Major Amberson had “made a fortune” in 1873, when other people were losing fortunes, and the magnificence of the Ambersons began then. Magnificence, like the size of a fortune, is always comparative, as even Magnificent Lorenzo may now perceive, if he has happened to haunt New York in 1916; and the Ambersons were magnificent in their day and place. Their splendour lasted throughout all the years that saw their Midland town spread and darken into a city, but reached its topmost during the period when every prosperous family with children kept a Newfoundland dog.
In that town, in those days, all the women who wore silk or velvet knew all the other women who wore silk or velvet, and when there was a new purchase of sealskin, sick people were got to windows to see it go by. Trotters were out, in the winter afternoons, racing light sleighs on National Avenue and Tennessee Street; everybody recognized both the trotters and the drivers; and again knew them as well on summer evenings, when slim buggies whizzed by in renewals of the snow-time rivalry. For that matter, everybody knew everybody else’s family horse-and-carriage, could identify such a silhouette half a mile down the street, and thereby was sure who was going to market, or to a reception, or coming home from office or store to noon dinner or evening supper.
The story’s hero is George Amberson Minafer, the most egotistical fool I’ve ever read about. When George is a boy in the small Middle American town his grandfather developed from what seems to have been prairie, he fights with every boy who looks at him the wrong way. He’ll pound the pastor’s son to a pulp and curse at the pastor when he pulls the boys apart. George defines entitlement. From his childhood, he was well aware that as his family is the “First Family” of Midland, that everyone else was riffraff and should kowtow to him.
As a boy terrorized the town with his carelessness and the good citizens could do nothing but raise their fists in anger and shout that one day that so and so would get his comeuppance.
What made George such a public nuisance? His mother. Isabela Amberson Minafer doted on George as no woman ever doted on her child. This was her Achilles’ heel, which like in any Greek tragedy is guaranteed to lead to a character’s downfall. Isabela prized dignity. As a young woman, the most wealthy woman in town, she was humiliated when Eugene Morgan came to serenade her and since he’d been drinking fell flat on his face, a spectacle that Isabela assumed the whole world witnessed. That was enough for her to banish Eugene from her heart and to marry a safe, drab accountant, Wilbur Minafer. As the gossip in town predicted, Isabela would lavish her affection on her child, George as Wilbur wasn’t the sort of man to stir up much passion in a wife.
Throughout the story George represents the wealthy descendants who add nothing to their family wealth. George is proud of his plan to never work because that’s what riffraff do. He reminded me of many of Horatio Alger’s dandies who parade around town with their noses in the air looking down at the riffraff who practice law or do business.

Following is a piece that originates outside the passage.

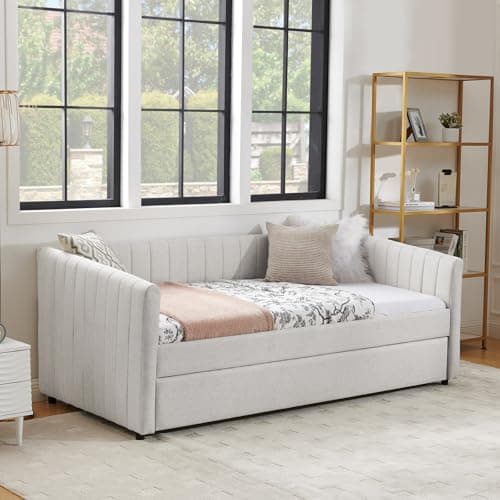 Twin Size Daybed with Trundle and Stripes - Beige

At a party George is smitten by Lucy, a beautiful girl who seems to see how pompous and ignorant George is. From the start when he unwittingly calls Lucy’s father an odd duck – not once but twice – in her presence, Lucy can see what a fool George is. George has no filter and doesn’t see anything wrong in his snobbish remarks. Chalk that up to poor parenting. He does get frustrated by Lucy’s reactions which, like a mirror, show him who the Most Pompous One of All is. Yet his protecting her when a sleigh overturns, leads to him winning her heart, which I question how I bought that except to say people are perplexing.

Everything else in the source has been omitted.